## WHAT THE TASK ASKS:
Entries follow. Give back exactly the lines starting at the one containing "Soverom i hybeldel kjeller Galleribilde" and ending at the one containing "Áo thun LV trắng in chữ LV 4 người (BQ) KG+", and no other lines.

[Records drawn from a dataset]
▼
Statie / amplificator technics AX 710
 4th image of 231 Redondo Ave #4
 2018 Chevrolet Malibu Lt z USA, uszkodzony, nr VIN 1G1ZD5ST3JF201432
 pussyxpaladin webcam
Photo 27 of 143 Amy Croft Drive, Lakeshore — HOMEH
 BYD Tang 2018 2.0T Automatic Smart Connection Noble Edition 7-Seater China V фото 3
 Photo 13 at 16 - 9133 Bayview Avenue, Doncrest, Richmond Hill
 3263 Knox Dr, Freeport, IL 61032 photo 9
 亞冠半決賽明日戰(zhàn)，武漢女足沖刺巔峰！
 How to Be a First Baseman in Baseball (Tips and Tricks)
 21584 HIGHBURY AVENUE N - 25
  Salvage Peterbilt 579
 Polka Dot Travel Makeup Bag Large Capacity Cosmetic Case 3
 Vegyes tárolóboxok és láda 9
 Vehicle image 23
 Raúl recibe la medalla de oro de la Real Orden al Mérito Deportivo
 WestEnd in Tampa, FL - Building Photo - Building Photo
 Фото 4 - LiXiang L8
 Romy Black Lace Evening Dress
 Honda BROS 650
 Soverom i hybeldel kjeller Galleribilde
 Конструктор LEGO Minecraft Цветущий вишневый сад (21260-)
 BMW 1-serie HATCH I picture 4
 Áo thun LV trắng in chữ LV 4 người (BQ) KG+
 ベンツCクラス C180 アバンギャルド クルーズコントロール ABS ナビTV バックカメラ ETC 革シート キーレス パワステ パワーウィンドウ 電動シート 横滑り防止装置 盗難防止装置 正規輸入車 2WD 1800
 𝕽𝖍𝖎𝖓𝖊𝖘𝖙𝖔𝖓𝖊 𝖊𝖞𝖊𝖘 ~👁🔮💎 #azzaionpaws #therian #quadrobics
▲
## SOLUTION FOR THIS TASK:
 Soverom i hybeldel kjeller Galleribilde
 Конструктор LEGO Minecraft Цветущий вишневый сад (21260-)
 BMW 1-serie HATCH I picture 4
 Áo thun LV trắng in chữ LV 4 người (BQ) KG+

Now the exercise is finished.